Verse > Anthologies > T. H. Ward, ed. > The English Poets > Vol. I. Chaucer to Donne
Thomas Humphry Ward, ed.  The English Poets.  1880–1918.
Vol. I. Early Poetry: Chaucer to Donne
Extracts from The Faerie Queene: The Cave of Mammon
By Edmund Spenser (1552?–1599)
[From Bk. ii.]

  AS Pilot well expert in perilous wave,
That to a stedfast starre his course hath bent,
When foggy mistes or cloudy tempests have
The faithfull light of that faire lampe yblent,
And cover’d heaven with hideous dreriment,        5
Upon his card and compas firmes his eye,
The maysters of his long experiment,
And to them does the steddy helme apply,
Bidding his winged vessell fairely forward fly:
  So Guyon having lost his trustie guyde,        10
Late left beyond that Ydle lake, proceedes
Yet on his way, of none accompanyde;
And evermore himselfe with comfort feedes
Of his own vertues and praise-worthie deedes.
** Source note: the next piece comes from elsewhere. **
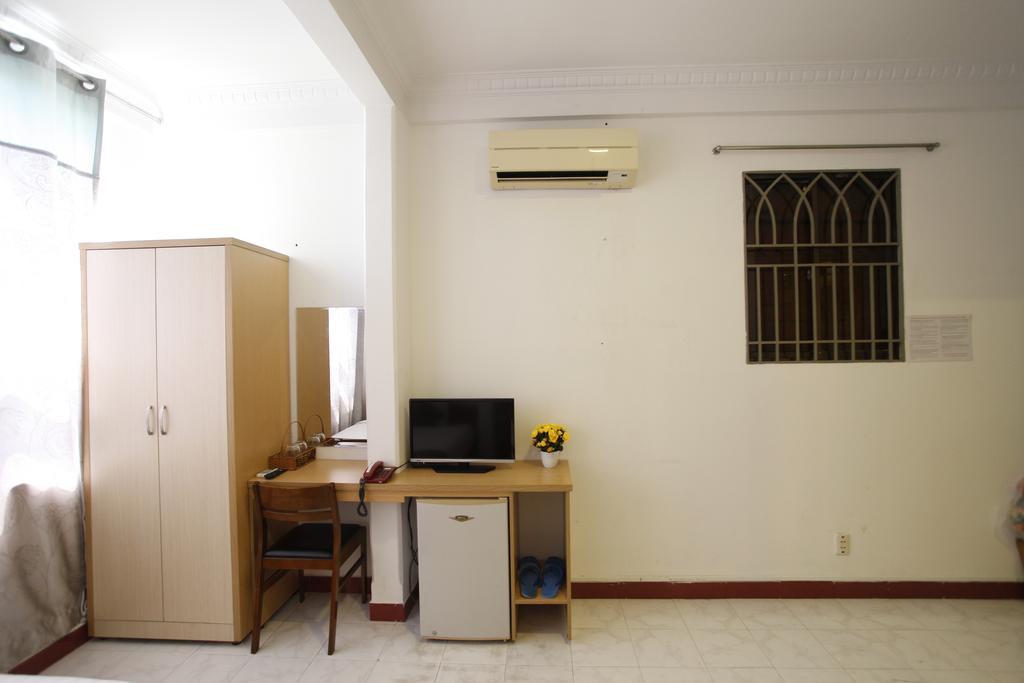 Le Petit Sai Gon Hotel Ho Chi Minh City Exterior photo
So, long he yode, yet no adventure found,        15
Which fame of her shrill trumpet worthy reedes;
For still he traveild through wide wastfull ground,
That nought but desert wildernesse shewed all around.
  At last he came unto a gloomy glade,
Cover’d with boughes and shrubs from heavens light,        20
Whereas he sitting found in secret shade
An uncouth, salvage, and uncivile wight,
Of griesly hew and fowle ill favour’d sight;
His face with smoke was tand, and eies were bleard,
His head and beard with sout were ill bedight,        25
His cole-blacke hands did seeme to have been seard
In smythes fire-spitting forge, and nayles like clawes appeard.
  His yron cote, all overgrowne with rust,
Was underneath enveloped with gold;
Whose glistring glosse, darkned with filthy dust,        30
Well yet appeared to have beene of old
A worke of rich entayle and curious mould,
Woven with antickes and wyld ymagery;
And in his lap a masse of coyne he told,
And turned upside downe, to feede his eye        35
And covetous desire with his huge threasury.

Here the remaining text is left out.